My prediction on the next players to go from the 40-man as space is needed, updated in quasi-real time:

  1. Evan Scribner: Right-handed relievers who can put up a 94 ERA+ with a 92 mph fastball are not exactly difficult to find. He's out of options, so he might well make the Opening Day bullpen, but he might also be discarded on the last day of spring training when some team tries to sneak a slightly better reliever (say, a right-hander who can put up an ERA+ of 96 with a 93 mph fastball) through waivers. There's no real reason to think Scribner is a diamond in the rough; he is what he is, and what he is doesn't add up to much.
  2. Chad Smith: Claimed by the A's from the Tigers, who designated him when they re-signed Joba Chamberlain early in the spring training. Eleven and two-thirds innings in the big leagues, all in 2014, and his minor-league track record is short as well, with just 164 innings to his name. His peripherals appear fine. He's nondescript, which is the word we used for him in Baseball Prospectus 2015. Choosing between him and Scribner for no. 1 on this list came down to Smith having options remaining and his sinker coming in around 94 mph compared to Scribner's 92 mph straight stuff.
  3. Eury De La Rosa: He's a tiny lefty, which is adorable, but he only throws 90 with his four-seamer, and he's paid the price for his lack of stuff, giving up seven homers in 51 major league innings. He gets some strikeouts, didn't walk the world in Arizona (though he did in Reno) and is hardly a bad player, but there's not enough here to distinguish him.
  4. Alex Hassan: The A's claimed him once this offseason, then did it again early in the spring when he became available because of Baltimore's decision to sign Everth Cabrera. (Cabrera, by the way, is someone I had contemplated doing a post on as possible help in the middle infield.) That they've already waived Hassan once is one indication of his standing in the organization. That he's been a minor-league on-base machine and has an option year remaining is the reason I think he might survive a little longer than the players listed above him.
  5. Mark Canha: Listed mainly because he's a Rule 5 player.

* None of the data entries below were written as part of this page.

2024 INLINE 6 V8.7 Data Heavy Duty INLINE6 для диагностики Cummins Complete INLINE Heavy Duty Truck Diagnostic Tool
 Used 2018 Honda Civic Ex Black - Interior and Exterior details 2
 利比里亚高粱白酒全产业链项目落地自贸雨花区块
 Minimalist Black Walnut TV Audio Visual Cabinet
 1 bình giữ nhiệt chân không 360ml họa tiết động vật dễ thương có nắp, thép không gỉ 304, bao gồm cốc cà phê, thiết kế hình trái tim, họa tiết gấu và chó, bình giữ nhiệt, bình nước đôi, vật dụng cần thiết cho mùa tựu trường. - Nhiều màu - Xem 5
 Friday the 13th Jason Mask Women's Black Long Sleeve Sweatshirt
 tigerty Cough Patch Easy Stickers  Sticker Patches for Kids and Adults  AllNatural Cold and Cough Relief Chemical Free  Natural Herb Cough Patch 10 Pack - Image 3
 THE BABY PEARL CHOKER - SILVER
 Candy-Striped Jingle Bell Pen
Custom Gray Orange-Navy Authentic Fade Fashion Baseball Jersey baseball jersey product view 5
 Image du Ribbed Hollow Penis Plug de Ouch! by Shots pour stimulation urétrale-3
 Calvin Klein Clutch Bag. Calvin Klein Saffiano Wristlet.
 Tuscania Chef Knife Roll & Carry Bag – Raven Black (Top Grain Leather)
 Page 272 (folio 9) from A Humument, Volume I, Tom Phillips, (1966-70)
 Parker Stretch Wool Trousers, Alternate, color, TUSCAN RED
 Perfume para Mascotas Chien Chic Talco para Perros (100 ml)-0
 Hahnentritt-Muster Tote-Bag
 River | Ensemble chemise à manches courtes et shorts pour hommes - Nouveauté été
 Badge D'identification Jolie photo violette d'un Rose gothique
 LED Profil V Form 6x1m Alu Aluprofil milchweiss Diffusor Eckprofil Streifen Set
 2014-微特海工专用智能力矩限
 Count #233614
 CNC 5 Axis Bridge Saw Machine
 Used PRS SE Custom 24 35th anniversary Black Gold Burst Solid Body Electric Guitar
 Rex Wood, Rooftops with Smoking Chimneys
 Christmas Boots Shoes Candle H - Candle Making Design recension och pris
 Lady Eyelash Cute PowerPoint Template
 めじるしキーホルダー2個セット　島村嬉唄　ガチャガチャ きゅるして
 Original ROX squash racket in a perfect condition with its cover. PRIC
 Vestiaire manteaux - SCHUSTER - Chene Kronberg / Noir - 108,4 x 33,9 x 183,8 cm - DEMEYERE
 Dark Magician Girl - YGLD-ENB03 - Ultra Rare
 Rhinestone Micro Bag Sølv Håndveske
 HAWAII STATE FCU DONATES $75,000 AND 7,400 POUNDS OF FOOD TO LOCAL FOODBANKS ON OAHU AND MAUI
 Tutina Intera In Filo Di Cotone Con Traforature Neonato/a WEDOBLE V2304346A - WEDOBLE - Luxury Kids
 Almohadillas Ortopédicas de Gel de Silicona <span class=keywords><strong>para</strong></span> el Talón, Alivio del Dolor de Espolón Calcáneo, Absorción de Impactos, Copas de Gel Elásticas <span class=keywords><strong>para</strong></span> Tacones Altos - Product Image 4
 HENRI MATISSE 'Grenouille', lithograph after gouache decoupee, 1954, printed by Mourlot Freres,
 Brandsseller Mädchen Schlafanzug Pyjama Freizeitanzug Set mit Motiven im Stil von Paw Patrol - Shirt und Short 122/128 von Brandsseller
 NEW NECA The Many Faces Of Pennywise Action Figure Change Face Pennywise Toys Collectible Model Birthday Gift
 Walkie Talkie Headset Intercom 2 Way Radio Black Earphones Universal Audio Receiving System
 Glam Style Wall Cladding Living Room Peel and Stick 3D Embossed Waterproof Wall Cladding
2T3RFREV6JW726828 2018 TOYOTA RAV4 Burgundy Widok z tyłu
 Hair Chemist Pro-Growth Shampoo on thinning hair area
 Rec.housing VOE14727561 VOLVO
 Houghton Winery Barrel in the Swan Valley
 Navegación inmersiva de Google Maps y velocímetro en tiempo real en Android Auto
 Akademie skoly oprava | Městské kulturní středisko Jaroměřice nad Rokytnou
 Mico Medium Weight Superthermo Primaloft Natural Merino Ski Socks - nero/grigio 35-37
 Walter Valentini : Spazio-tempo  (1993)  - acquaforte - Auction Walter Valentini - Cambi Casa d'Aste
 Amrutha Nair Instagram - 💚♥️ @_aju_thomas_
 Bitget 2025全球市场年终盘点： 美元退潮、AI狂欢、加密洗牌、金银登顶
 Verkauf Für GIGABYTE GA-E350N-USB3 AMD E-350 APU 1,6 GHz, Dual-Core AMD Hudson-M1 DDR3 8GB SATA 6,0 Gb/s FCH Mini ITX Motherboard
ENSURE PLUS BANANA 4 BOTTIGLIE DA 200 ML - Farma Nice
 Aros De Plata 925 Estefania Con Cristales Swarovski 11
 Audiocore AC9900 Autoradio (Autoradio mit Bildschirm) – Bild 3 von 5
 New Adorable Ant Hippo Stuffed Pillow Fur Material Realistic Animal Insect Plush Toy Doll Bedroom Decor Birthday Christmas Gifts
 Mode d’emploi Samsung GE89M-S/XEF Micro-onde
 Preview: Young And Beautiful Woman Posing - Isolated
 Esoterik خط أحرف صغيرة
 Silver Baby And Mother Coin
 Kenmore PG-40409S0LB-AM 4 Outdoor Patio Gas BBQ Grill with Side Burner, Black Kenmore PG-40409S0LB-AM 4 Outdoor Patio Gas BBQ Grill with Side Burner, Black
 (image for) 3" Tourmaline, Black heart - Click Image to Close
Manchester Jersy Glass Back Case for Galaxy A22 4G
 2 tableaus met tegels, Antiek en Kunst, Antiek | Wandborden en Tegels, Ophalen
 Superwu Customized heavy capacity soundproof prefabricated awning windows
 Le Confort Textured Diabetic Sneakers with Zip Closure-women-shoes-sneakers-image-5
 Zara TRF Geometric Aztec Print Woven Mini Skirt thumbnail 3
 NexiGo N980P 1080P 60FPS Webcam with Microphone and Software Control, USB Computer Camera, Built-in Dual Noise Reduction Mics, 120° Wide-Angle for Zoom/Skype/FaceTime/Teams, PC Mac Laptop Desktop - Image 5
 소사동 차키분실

Honestly, he should probably be first, not last, because all it takes is a mediocre spring and he'll be headed back to ... uh, wherever he came from. I'm not looking this up. I'd like to think he can do a normal-sized human's version of Nate Freiman, with more versatility, but I don't think the A's are going to have a lot of tolerance if he doesn't hit lefties. They can feel pretty confident that Freiman will do that, so Canha's leash ought not to be very long.